_PROMPT:_
Extract, exactly as written, each line from the start of the records below to the line containing "Cucina angolare moderna", both ends included; drop the pictures.

[Start of Attachment]

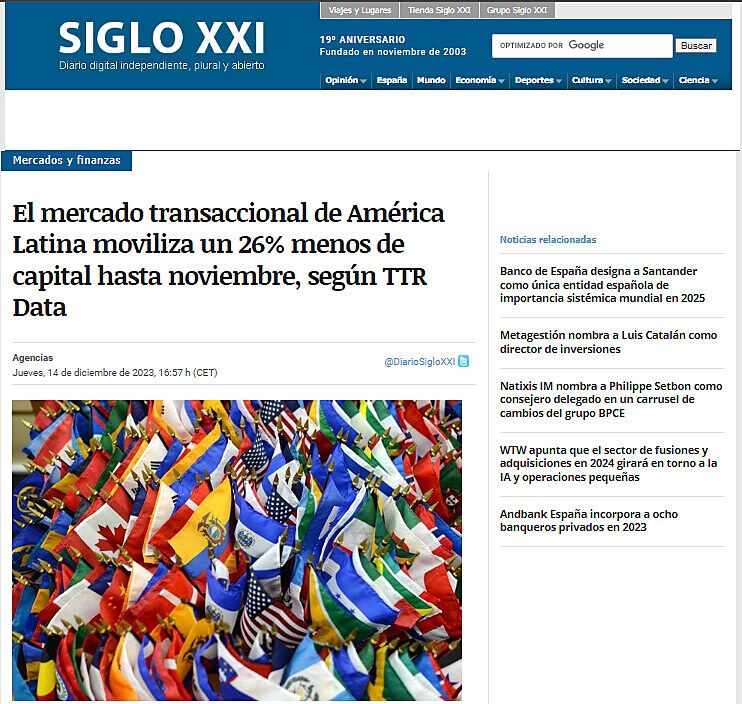 El mercado transaccional de Amrica Latina moviliza un 26% menos de capital hasta noviembre, segn TTR Data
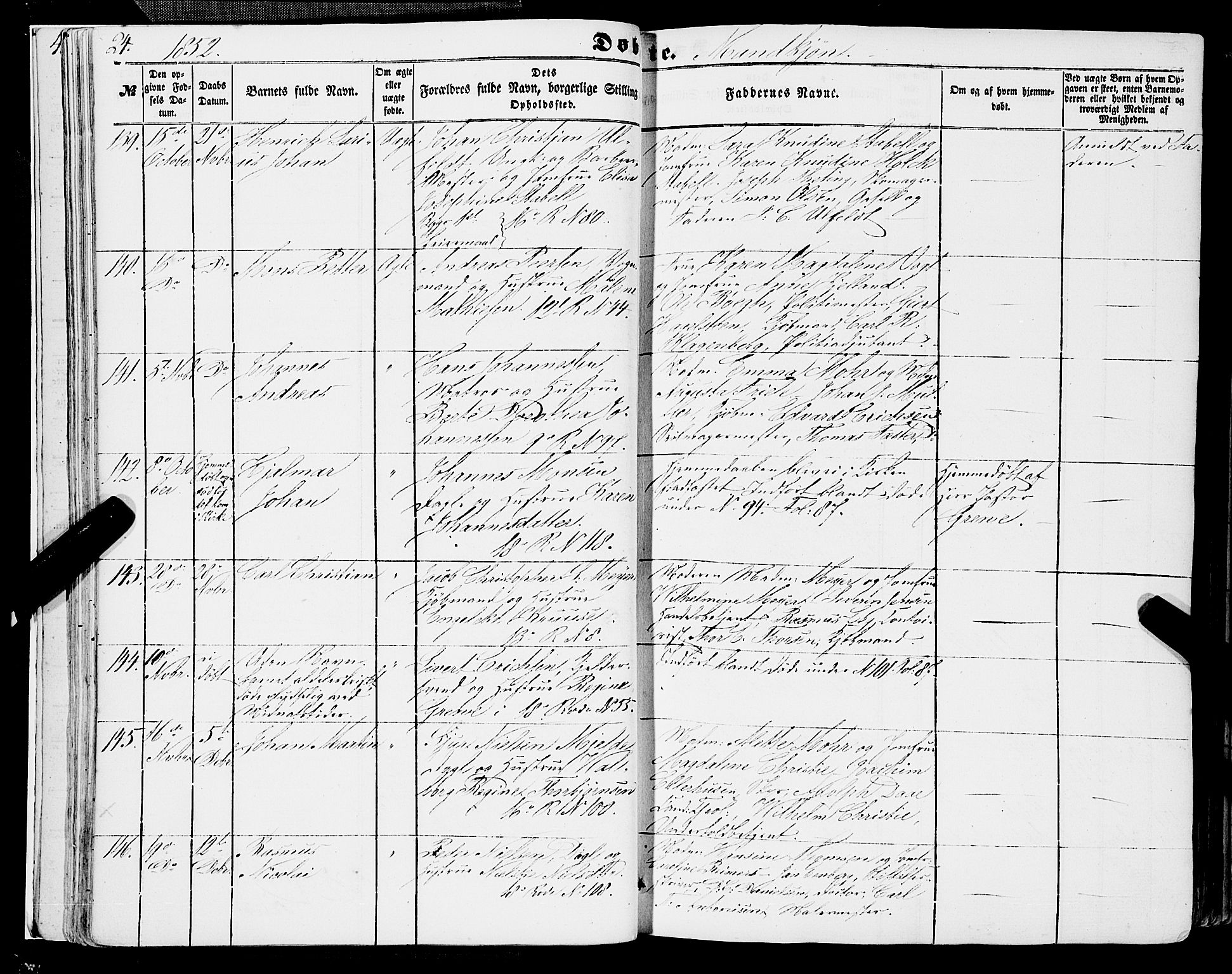 Domkirken sokneprestembete, AV/SAB-A-74801/H/Haa/L0020: Parish register (official) no. B 3, 1851-1859, p. 24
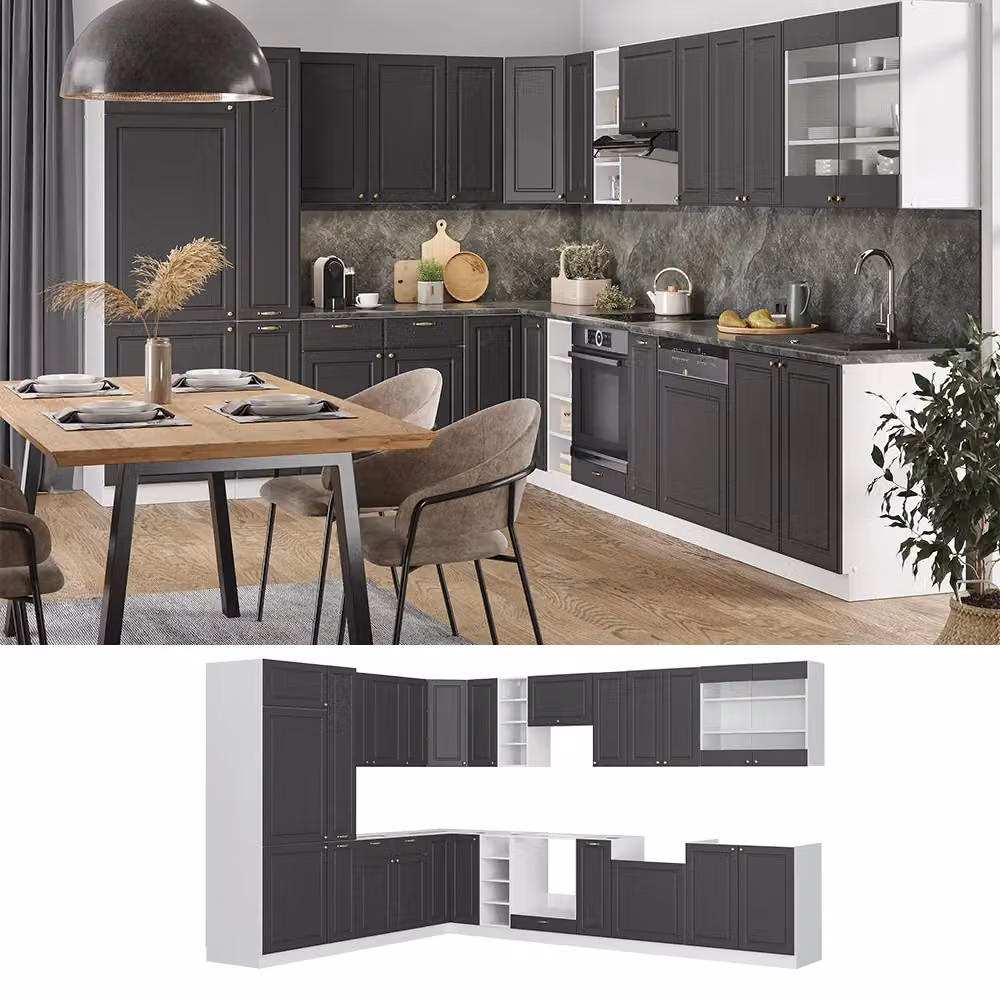 Cucina angolare moderna Vicco Fame-Line Antracite, Oro e Bianco con dettagli in Rovere – 2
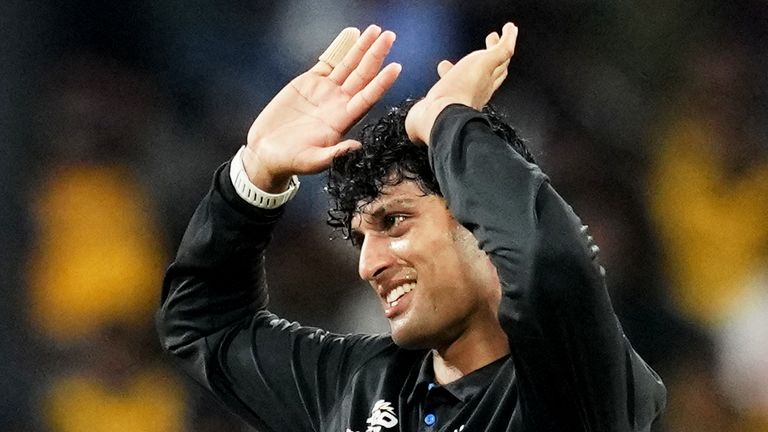 New Zealand's Rachin Ravindra celebrates a wicket during the 2026 Men's T20 World Cup (Associated Press)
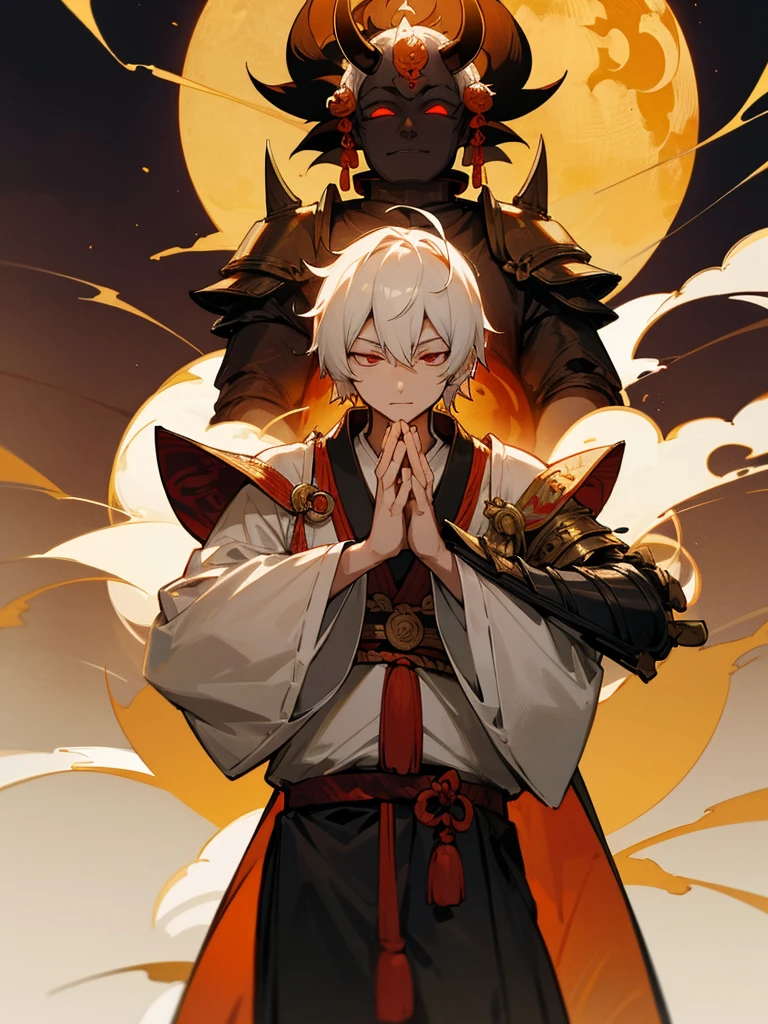 Buddha,Burning Eyes, horn, white short hair, black armor, tori ready, man, full moon, hands together in prayer, Zen meditation golden lion Chi Japanese sword demon vengeful spirit evil spirit Tai Chi図武神伦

[End of Attachment]

_OUTPUT FOR THIS TASK:_
 El mercado transaccional de Amrica Latina moviliza un 26% menos de capital hasta noviembre, segn TTR Data
 Domkirken sokneprestembete, AV/SAB-A-74801/H/Haa/L0020: Parish register (official) no. B 3, 1851-1859, p. 24
 Cucina angolare moderna Vicco Fame-Line Antracite, Oro e Bianco con dettagli in Rovere – 2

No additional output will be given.